Trade Forum Features

Placing conservation at the heart of sustainable tourism

6 June 2017
ITC News
In Rwanda, a partnership with nature has led to booming tourism sector

It was the National Geographic’s Wild channel that first brought the world close to the lion kings of Akagera National Park with a compelling tale of survival and territory. Through television sets, people from Norway to Thailand got to witness Rwanda’s ground-breaking conservation success story: the return of lions to the verdant lands after a 15-year absence, with their numbers doubling in number in just one year.

In Rwanda, the term ‘conservation’ is not new. For example, the annual Kwita Izina, during which new-born mountain gorillas are named, provides a unique platform to raise awareness of the importance of biodiversity from the community to the international level.
Since the inception of the Kwita Izina in 2005, prominent global conservation stakeholders have so far named 238 gorilla infants. Towards the end of 2017 over 1,000 international guests will again convene at the foothills of the Virunga Mountains for the 13th edition of the event.

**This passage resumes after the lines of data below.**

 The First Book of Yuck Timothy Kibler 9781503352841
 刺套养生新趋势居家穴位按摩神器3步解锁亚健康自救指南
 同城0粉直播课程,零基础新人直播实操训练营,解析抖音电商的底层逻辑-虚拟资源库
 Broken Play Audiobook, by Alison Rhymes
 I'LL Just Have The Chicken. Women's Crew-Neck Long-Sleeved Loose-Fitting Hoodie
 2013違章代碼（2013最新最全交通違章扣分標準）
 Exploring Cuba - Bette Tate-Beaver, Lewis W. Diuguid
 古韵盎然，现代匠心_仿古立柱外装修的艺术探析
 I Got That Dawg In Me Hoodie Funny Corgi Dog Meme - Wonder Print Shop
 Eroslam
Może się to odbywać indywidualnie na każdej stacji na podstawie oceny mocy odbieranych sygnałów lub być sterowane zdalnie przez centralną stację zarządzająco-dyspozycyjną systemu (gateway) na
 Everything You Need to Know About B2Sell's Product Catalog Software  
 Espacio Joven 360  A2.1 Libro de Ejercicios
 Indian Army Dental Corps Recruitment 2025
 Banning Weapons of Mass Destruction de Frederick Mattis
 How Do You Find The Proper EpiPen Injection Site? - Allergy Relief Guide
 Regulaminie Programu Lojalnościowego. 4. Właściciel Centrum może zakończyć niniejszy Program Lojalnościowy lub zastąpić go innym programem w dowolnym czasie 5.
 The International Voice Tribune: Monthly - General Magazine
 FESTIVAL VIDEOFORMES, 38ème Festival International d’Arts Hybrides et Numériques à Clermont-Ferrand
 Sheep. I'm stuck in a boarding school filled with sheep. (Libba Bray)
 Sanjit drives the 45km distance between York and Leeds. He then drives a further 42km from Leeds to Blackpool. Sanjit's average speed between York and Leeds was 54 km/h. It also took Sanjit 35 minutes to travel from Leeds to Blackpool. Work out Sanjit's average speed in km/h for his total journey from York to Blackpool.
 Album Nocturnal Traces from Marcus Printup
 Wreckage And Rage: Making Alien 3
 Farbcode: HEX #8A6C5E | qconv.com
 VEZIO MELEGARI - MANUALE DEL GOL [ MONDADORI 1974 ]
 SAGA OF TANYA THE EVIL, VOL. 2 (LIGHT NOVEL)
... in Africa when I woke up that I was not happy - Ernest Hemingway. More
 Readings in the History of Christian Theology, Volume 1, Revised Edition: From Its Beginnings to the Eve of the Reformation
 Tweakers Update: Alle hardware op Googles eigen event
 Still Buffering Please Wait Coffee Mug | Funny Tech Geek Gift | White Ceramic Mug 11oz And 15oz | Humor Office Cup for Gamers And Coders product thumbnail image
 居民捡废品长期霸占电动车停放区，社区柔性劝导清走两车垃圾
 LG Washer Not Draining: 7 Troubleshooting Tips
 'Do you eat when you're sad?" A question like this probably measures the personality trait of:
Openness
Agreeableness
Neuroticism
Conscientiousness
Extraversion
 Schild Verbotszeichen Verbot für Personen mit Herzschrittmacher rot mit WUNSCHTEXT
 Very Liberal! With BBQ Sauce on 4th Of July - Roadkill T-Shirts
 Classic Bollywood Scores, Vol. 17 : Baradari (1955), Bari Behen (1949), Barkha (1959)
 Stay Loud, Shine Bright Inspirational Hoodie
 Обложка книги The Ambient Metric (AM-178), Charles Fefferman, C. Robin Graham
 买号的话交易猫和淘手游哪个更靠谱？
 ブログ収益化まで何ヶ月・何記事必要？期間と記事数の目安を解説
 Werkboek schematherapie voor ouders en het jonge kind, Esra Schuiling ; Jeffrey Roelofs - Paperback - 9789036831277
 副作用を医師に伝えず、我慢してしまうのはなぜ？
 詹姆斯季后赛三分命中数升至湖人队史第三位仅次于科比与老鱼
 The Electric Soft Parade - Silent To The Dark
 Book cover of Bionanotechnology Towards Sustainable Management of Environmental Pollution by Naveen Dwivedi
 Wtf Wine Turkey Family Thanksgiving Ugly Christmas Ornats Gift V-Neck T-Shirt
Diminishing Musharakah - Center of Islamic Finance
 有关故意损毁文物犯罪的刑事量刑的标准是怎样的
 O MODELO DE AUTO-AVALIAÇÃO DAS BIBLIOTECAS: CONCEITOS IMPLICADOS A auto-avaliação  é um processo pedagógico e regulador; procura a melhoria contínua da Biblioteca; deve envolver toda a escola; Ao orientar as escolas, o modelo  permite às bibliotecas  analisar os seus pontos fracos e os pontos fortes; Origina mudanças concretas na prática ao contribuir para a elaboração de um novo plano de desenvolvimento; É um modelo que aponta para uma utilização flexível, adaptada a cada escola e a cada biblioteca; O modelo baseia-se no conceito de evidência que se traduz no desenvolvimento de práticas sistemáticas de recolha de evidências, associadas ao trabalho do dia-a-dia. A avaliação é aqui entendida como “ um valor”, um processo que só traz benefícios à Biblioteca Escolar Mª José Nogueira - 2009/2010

Mountain gorillas, one of the world’s most endangered species, are only found in three countries: Rwanda, the Democratic Republic of Congo (DRC) and Uganda. However, with the involvement of stakeholders, including veterinarians, the story is changing with global conservation efforts to which Rwanda is fully committed.

In partnership with its neighbouring countries, Burundi, DRC and Uganda, an electric fence was built around the Akagera National Park to better protect the region’s wildlife. In addition, Rwanda has been working to complement these trans-national efforts with its own domestic solutions.
Community involvement has really worked in Rwanda in ensuring that conservation efforts are sustainable. It also goes to show how conservation has played a major role in making tourism a major driver of economic growth for Rwanda.


The Government of Rwanda has for many years enforced stringent policies with a special focus on investing in future generations by instilling a culture of responsible tourism. One major achievement is the establishment of Kitabi College of Conservation and Environmental Management (KCCEM), an academic institution set up to develop the capacity of youth in maintaining sustainable tourism in Rwanda and in neighbouring countries.

The demand for Rwanda as a travel destination has grown in parallel to increased government spending dedicated to the development of the hospitality sector and the opening up of international borders. In fact, tourism is one of the main foreign-exchange earners for Rwanda, with indirect contribution to GDP currently standing at close to 10%. This underlines why sustainable tourism plays an essential role in promoting and achieving the goals of Rwanda’s long-term development strategy, Vision 2020.


For the Rwanda Development Board, which I head, the tourism-revenue sharing policy of Rwanda’s national park has become crucial, simply because it sets the stage for mutual survival of humans and wildlife in the country.

How it works is simple yet effective in promoting sustainable tourism. The government allocates 5% of tourism revenue to community projects as an incentive for conservation. The initiative has implemented over 400 community projects worth about $2.5 million.
Infrastructural amenities, agricultural projects such as seed production and storage, water supply projects and establishment of small and medium-sized enterprises are just a portion of the community empowerment projects that have benefited populations around parks.

Rwanda’s success story in combining conservation and tourism is set to take an outstanding turn with the return of the rhinoceros in 2017, part of a larger plan to restore the land of a thousand hills as home to the famous ‘big five’: the African lion, the African elephant, the Cape buffalo, the African leopard, and the rhinoceros.


There is no doubt that the focus on sustainable tourism inspires affection and pride among most Rwandans. And the idea of naming new-born gorillas and lions create a sense of ownership and entitlement among Rwandans to protect endangered species. Moreover, the naming of wildlife has become vital to Rwanda’s conservation success, aiding game rangers and park management to monitor these species in their habitat and ensure their survival.

At RDB we will continue to leverage the benefits of conservation to strengthen Rwanda’s sustainable tourism sector. It is only by working together – and in partnership with nature – that we can create a future that is truly sustainable for future generations: for humans and animals alike.